RAW DATA:

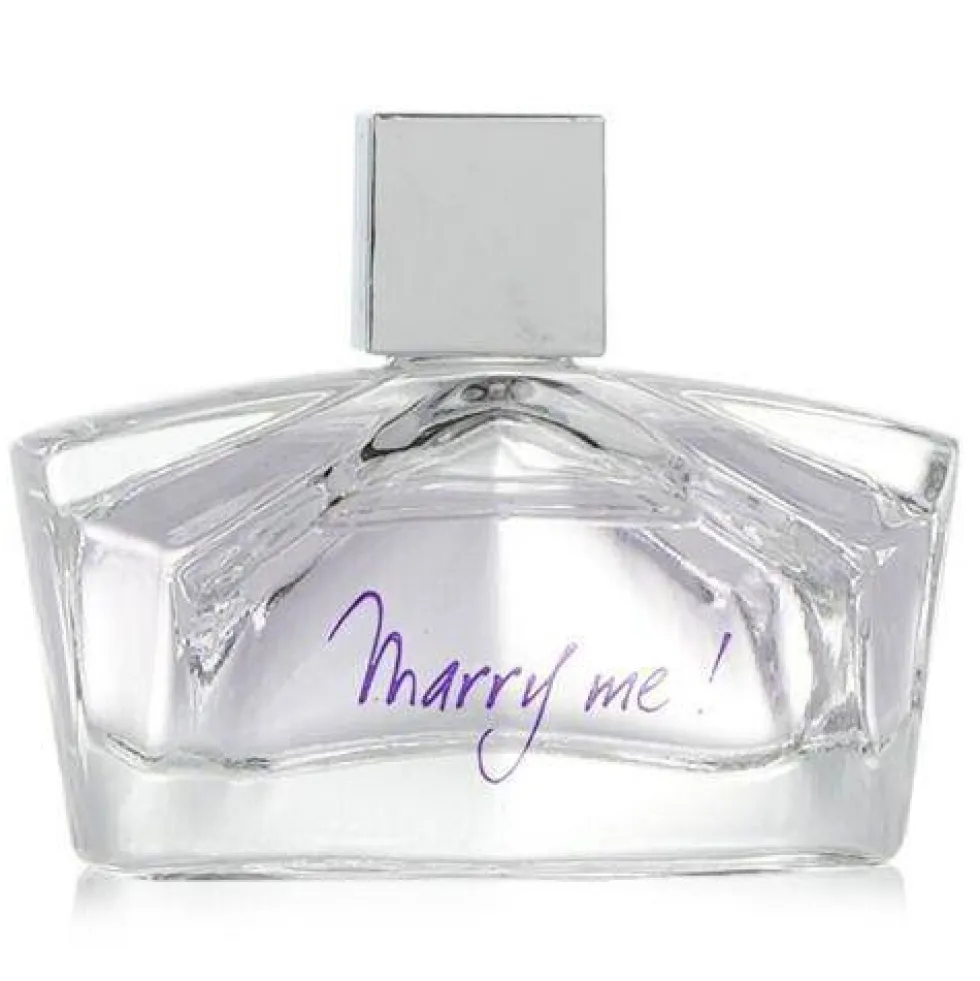 Lanvin Marry Me! woda perfumowana miniatura 4.5ml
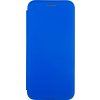 81945 pouzdro evolution realme 8 8 pro 4g modre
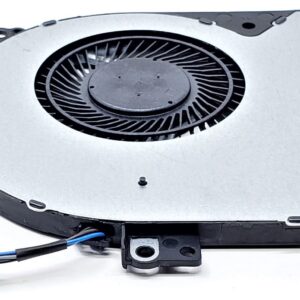 Fan Probook G4 440
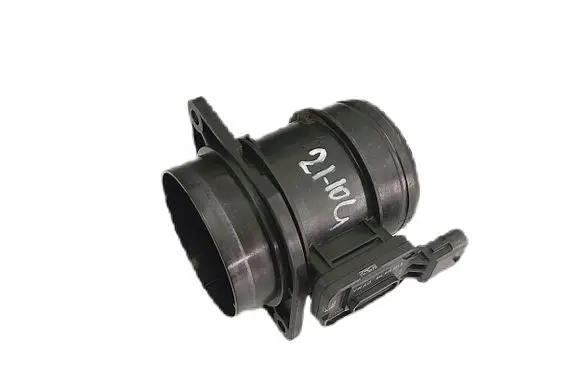 Seat Leon (5F) Mass air flow meter 04L906461B
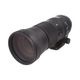 SIGMA 150-600mm F5-6.3 DG OS HSM C ����Υ��AB��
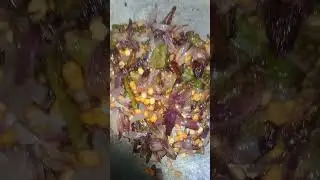 Popu annam full episode #tasty#recipe#telugu#telanganarecipe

TASK DIRECTIONS:
Word for word, print out all of the records above; pass over the pictures.

YOUR SOLUTION:
 Lanvin Marry Me! woda perfumowana miniatura 4.5ml
 81945 pouzdro evolution realme 8 8 pro 4g modre
 Fan Probook G4 440
 Seat Leon (5F) Mass air flow meter 04L906461B
 SIGMA 150-600mm F5-6.3 DG OS HSM C ����Υ��AB��
 Popu annam full episode #tasty#recipe#telugu#telanganarecipe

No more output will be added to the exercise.